エーゲ海航海誌
八月二十六日
午前中ヨットはサーシェという入江へ。やはりレストランがひとつだけの入江。岩山がすっぽりと抱きこんでいるので、海は湖のように静かだ。モーターボートで、トルコ人がカーペットや果物や小魚を売りに来る。ペッパーはトマトを少し買った。サーシェの入江も水はクリスタルブルー。朝から水着だけで夕方まで過ごし、気がむくと海へ飛びこむという毎日。
ここのレストランは、本物のベリーダンスが見られるというので、男共が昼のうちから鼻の下を長くしている。
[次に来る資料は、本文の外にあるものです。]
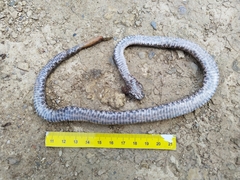 Crotalus morulus
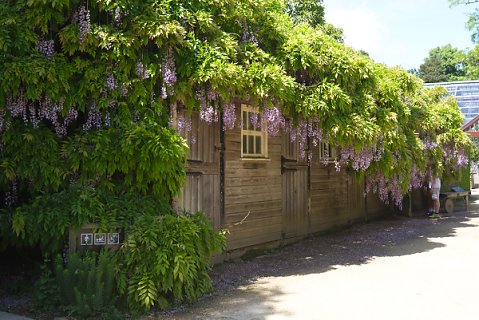 2018-06-02-Hidcote-Manor-NT-0060.jpg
ところが私はこのところ続いているトルコ料理に少しウンザリしていて、ほとんど食欲がない。カクテルアワーにペッパーが出してくれたキャビアのカナッペを三つも食べると、夕食はもうそれでいいという感じ。で、ディナーもベリーダンスもパス。モーターボートで全員が出かけてしまうと、甲板に上掛けを持ちだして横になった。夜になると寒いくらいなのだ。夜空には降るような星の数。この旅で書くものがあるとすれば、ミステリーくらいかな、と考える。しかしオクタント号に乗り合わせた十人は和気|藹々《あいあい》と仲良し。殺人事件は起こりそうもない。小一時間のうちに流れ星を七つも見た。